The anxiety of knowing that they can’t afford health care increases harmful stress for new parents, but there’s a beneficial inverse, Smith said. “Just having the security and knowing that you have health care for that whole first year after pregnancy strips off a layer of weathering for women and birthing people.”
Until the pandemic, Medicaid coverage for pregnant women in Texas ended two months postpartum. No one was removed from Medicaid for as long as the COVID-19 emergency lasted. With the emergency declaration set to end this month, states have begun reevaluating participants’ eligibility and moving many off Medicaid. To ease the transition, the federal government included a provision in the American Rescue Plan Act to allow states to extend coverage for a year after a pregnancy ends, with the fed picking up the majority of the cost. Texas is one of about ten states that has not adopted the extension, something House Bill 12 aims to change. Last session a similar bill was cut in half by the state Senate, allowing for six months postpartum coverage, but the federal government has not approved the modified plan.
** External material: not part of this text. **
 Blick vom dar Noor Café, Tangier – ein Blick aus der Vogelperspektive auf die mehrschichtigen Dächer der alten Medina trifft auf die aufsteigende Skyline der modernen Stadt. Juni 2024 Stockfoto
Medicaid is a good plan, without high deductibles, said Forester. “It’s a safety net. It saves lives.” The grim data suggest that Texas mothers are in need of such a lifesaving safety net. So are their children. Research published by the American Academy of Pediatrics showed that increased Medicaid coverage for parents resulted in increased well-child visits for children—and all children benefit from having healthy parents.
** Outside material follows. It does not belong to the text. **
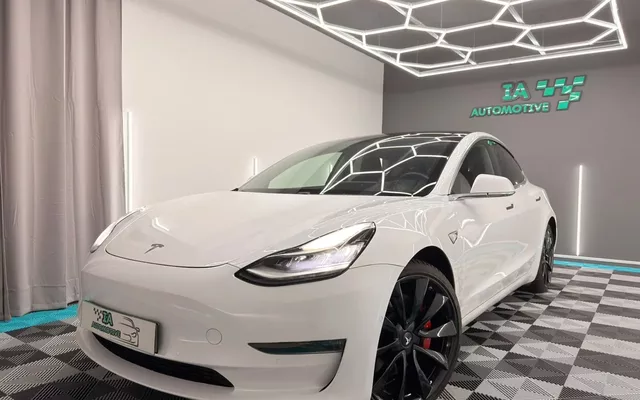 Tesla Model 3 Performance Dual Motor AWD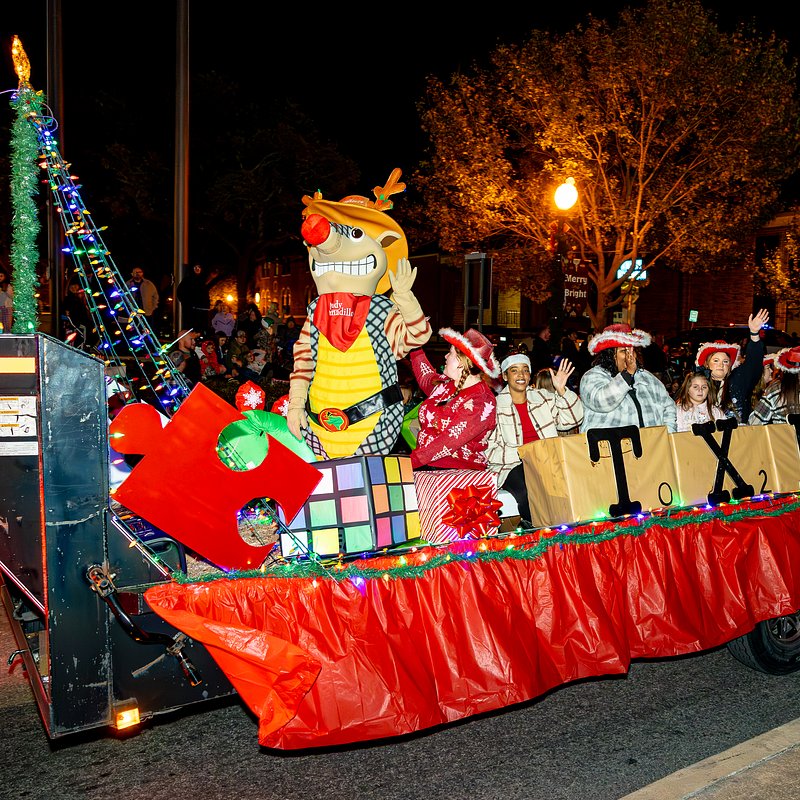 20241202_TempleXmasParade_102.jpg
“Families are foundational to a healthy society. If moms are deferring their own health care, it limits what they can do for their children,” Anderson said. The need for parental engagement and community support is intensive in the first year and “can have an impact on a child’s whole development.”
When that support is taken away by health crises, postpartum depression, or death, children are robbed of the nurture that developmental science deems critically important. Listening to the rhetoric from conservative politicians, you’d think that they would agree. The role of parents, mothers in particular, in the life of the child is foundational to their entire argument. There’s an irony to undermining the health of a group deemed essential to a family-first vision for Texas. “If a mother goes down it affects everyone in the house,” Smith said. “We have to value women more.”